# Anybody Have a Late Model Specialized Langster? (Regular, Street or ??)



## HFactor (Sep 21, 2015)

If so, I'm interested in:



Weight of stock bike (please provide frame size and model)
Does your toe-clip hit the front wheel when you turn if the ball of your foot is over the axle?
Did your local store have it to try or was it a web research mission followed by purchase, sight unseen?

I live in the San Francisco bay area and I'm willing to drive a bit to see/ride the bike before purchasing, but haven't found it even after calling around. I'm trying for a 52cm in size after comparing bike dimensions against my current road bike.

Thanks in advance.


----------



## kiwisimon (Oct 30, 2002)

What's your current bike? Can't you compare geometries with that?


----------



## HFactor (Sep 21, 2015)

I've tried measuring my current road bike comparing but it's just not working. Difficult to estimate weight and toe overlap as well.


----------



## kiwisimon (Oct 30, 2002)

It's a track bike with steep geometry so yes your toe will clip the front wheel if you have it out there. Did you see this? 2012+ specialized langster weight


----------



## markaitch (Nov 3, 2010)

kiwisimon said:


> It's a track bike with steep geometry so yes your toe will clip the front wheel if you have it out there. Did you see this? 2012+ specialized langster weight



are you not aware that langster comes in both a true track bike, & as the op asked about, also a "Regular, Street" version which has more road-like geo?

in fact, op, not all that long ago the street-oriented langster was nothing more than an allez frame with trackends. i don't know if that is still the case with current models but it is some info for you to consider...


----------



## Natedogz (Aug 25, 2010)

HFactor said:


> I've tried measuring my current road bike comparing but it's just not working. Difficult to estimate weight and toe overlap as well.
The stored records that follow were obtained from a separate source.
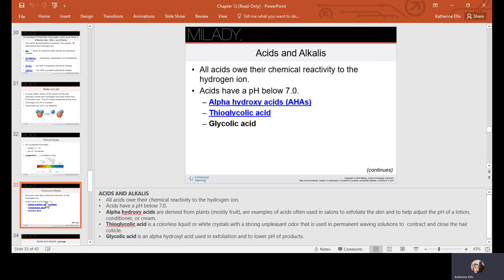All acids owe their chemical reactivity to a hydrogen ion and have a pH below 7. Alpha hydroxy acids (AHAs) are used in skin care to exfoliate the skin and range from mild to professional-strength formulas. Thioglycolic acid is a colorless liquid or white crystals with a strong, unpleasant odor used in permanent waving to contract and close the hair cuticle. AHAs can be derived from plants and fruits — glycolic acid is made from sugarcane and lactic acid from milk protein. Glycolic acid is used in exfoliation and can be used to lower the pH of other products.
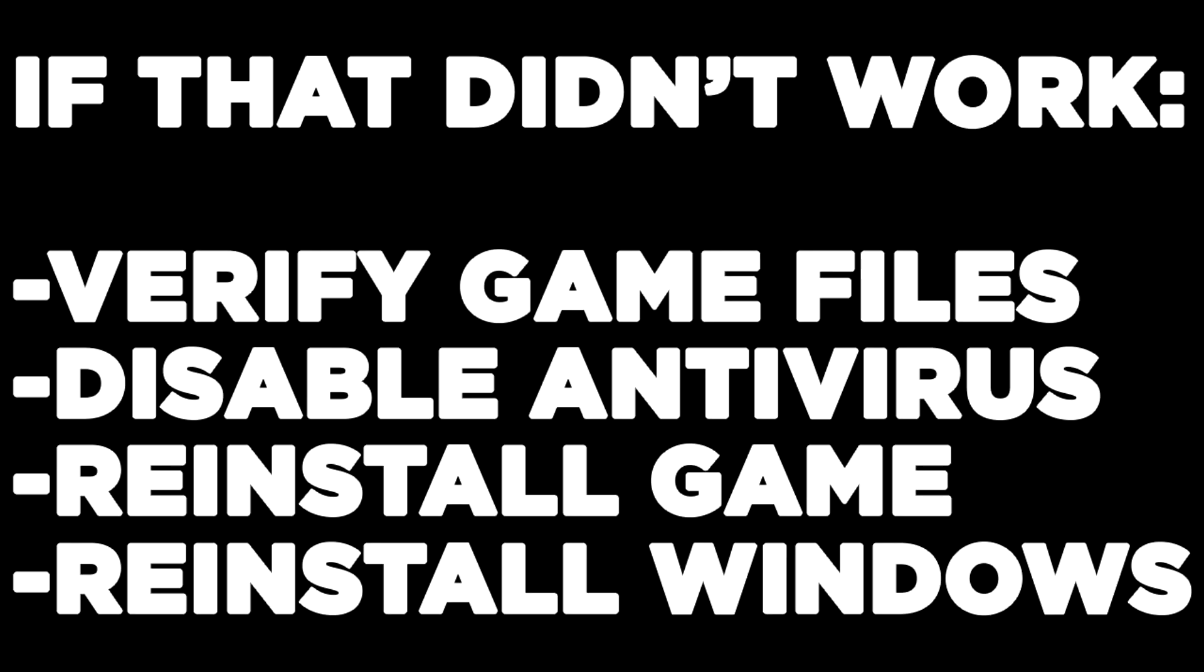If that didn't work, verify game files, disable antivirus, reinstall the game, or reinstall Windows. Problem solved. Like and subscribe.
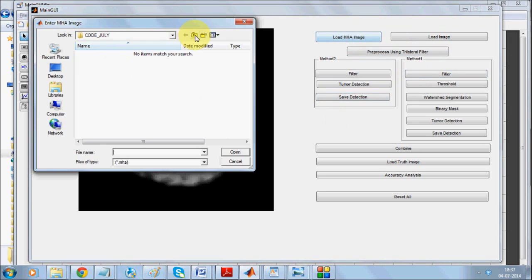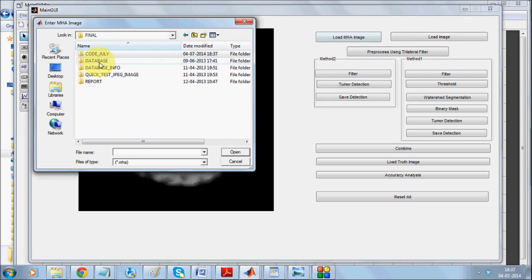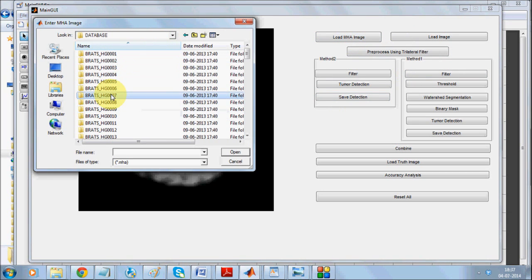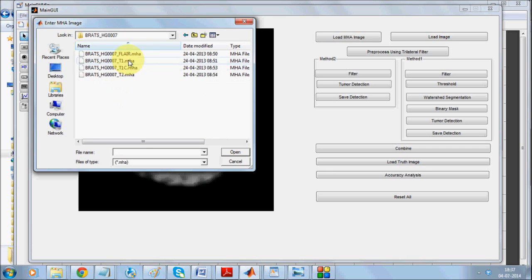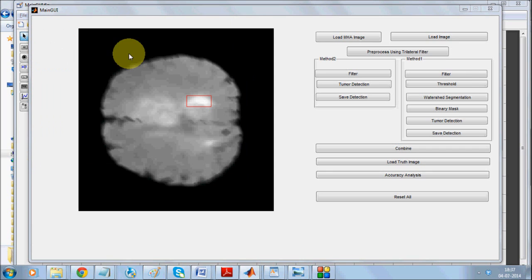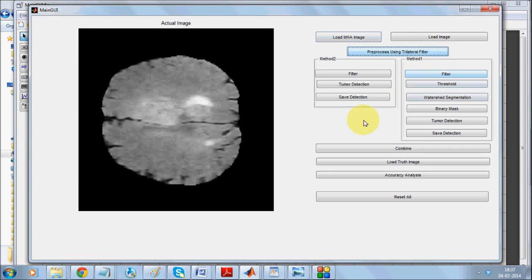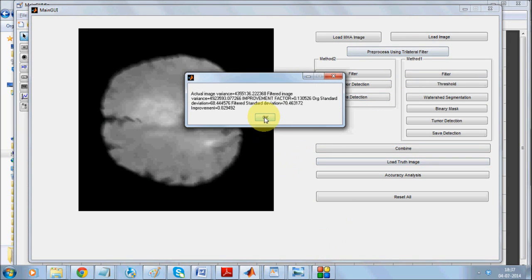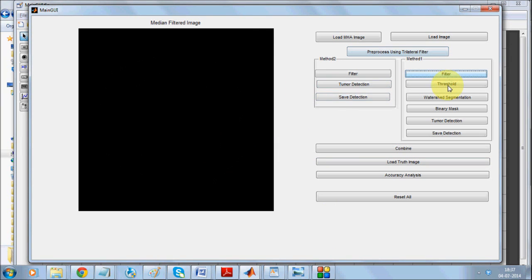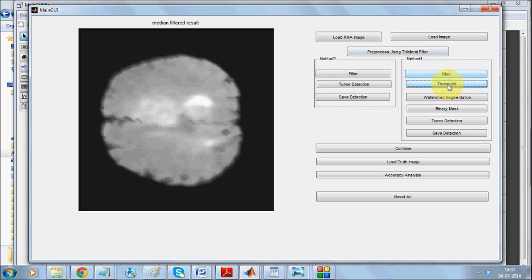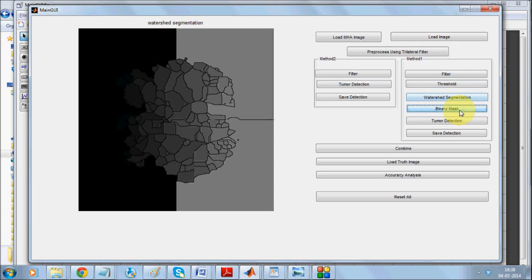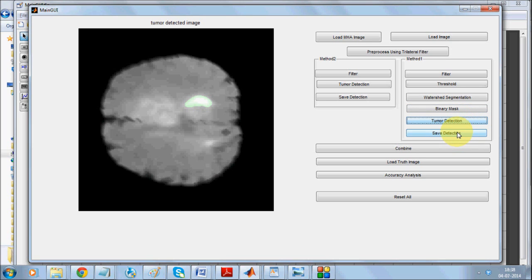Again we have to load the seventh image. Apply median filter, put some threshold, use watershed segmentation, mask, apply mask, call for tumor detection and save the detection.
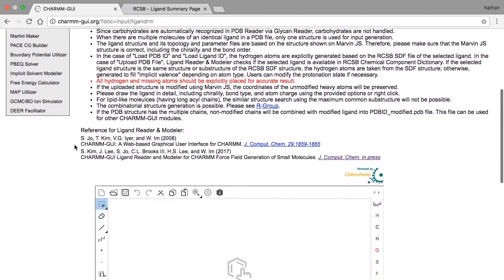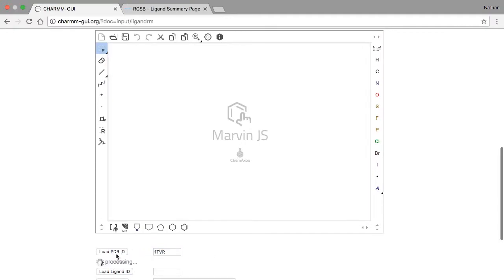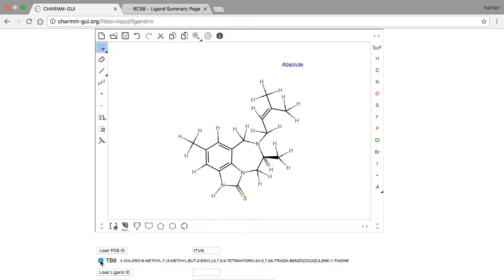To get started, load in the PDBID 1TVR. 1TVR is an HIV reverse transcriptase enzyme in complex with an inhibitor. When the PDB structure loads, click on TB9 to show the reverse transcriptase inhibitor.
Yes I know reading specs is not always the same as a test ride around the block at LBS, can be frustrating to find bikes in stock in the size. Look on Specialized website and find all stores within your acceptable driving radius and start calling. Been there done that many times. :/



markaitch said:


> are you not aware that langster comes in both a true track bike, & as the op asked about, also a "Regular, Street" version which has more road-like geo?
> 
> in fact, op, not all that long ago the street-oriented langster was nothing more than an allez frame with trackends. i don't know if that is still the case with current models but it is some info for you to consider...
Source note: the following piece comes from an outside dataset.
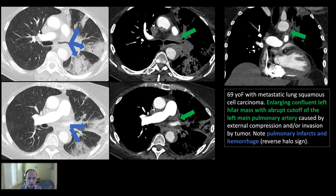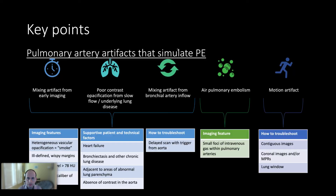Here is a case of tumor at the hilum causing multiple pulmonary infarcts in the left lung, with the pulmonary veins completely occluded.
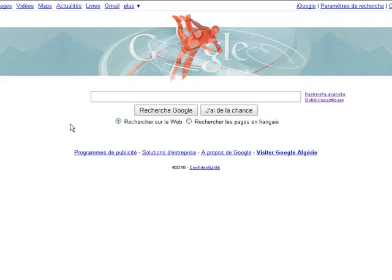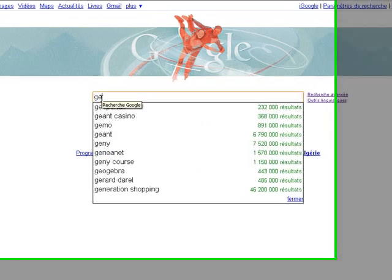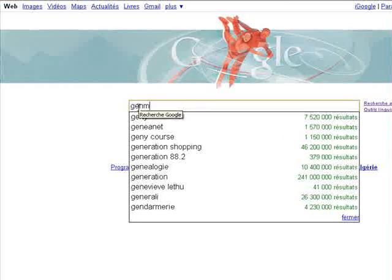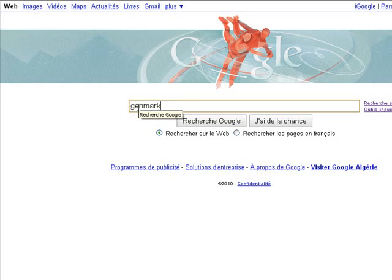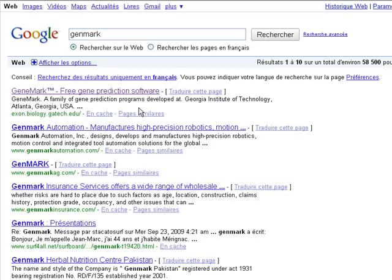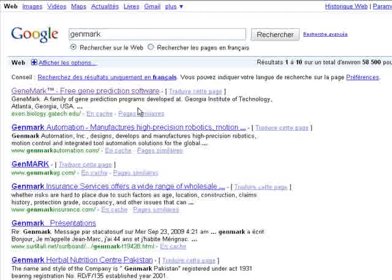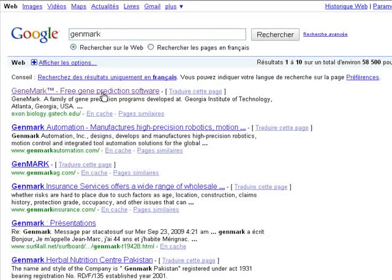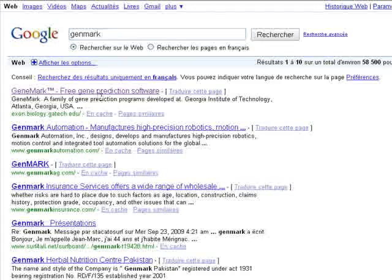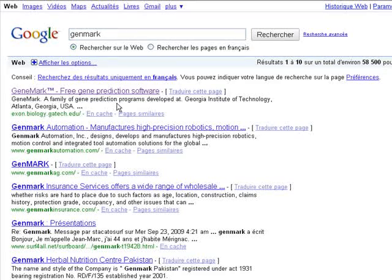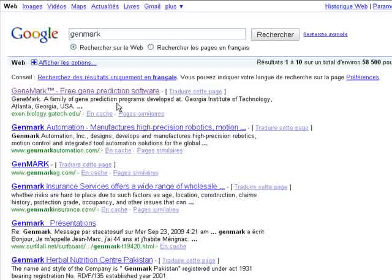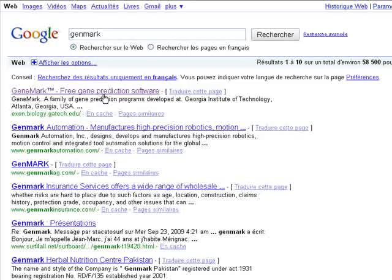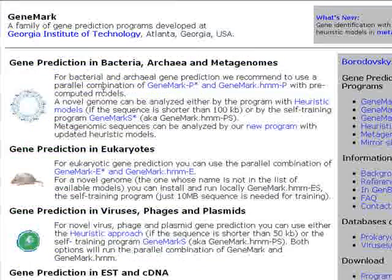The first thing to do is to go to Google as usual and we type our software name which is GeneMark. We hit enter. As we can see here on the first hit, GeneMark is a family of gene prediction programs developed at Georgia Institute of Technology Atlanta. We click on the first hit.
Yes! I was looking at Langsters and several other bikes, when I bought my Wabi SS at recommendations of others here. I still like the standard Langster in red!


----------



## chickenpoodle (Sep 27, 2015)

HFactor said:


> If so, I'm interested in:
> 
> 
> 
> ...


i'm running a near-stock (54cm) regular 2014 langster as a commuter.
I swapped out the drops for a set of profile wing base bars, and installed appropriate reverse levers. the seat was replaced with the toupe. the stock tires are long gone, replaced with maxxis refuse 25cc. shimano m785's for pedals.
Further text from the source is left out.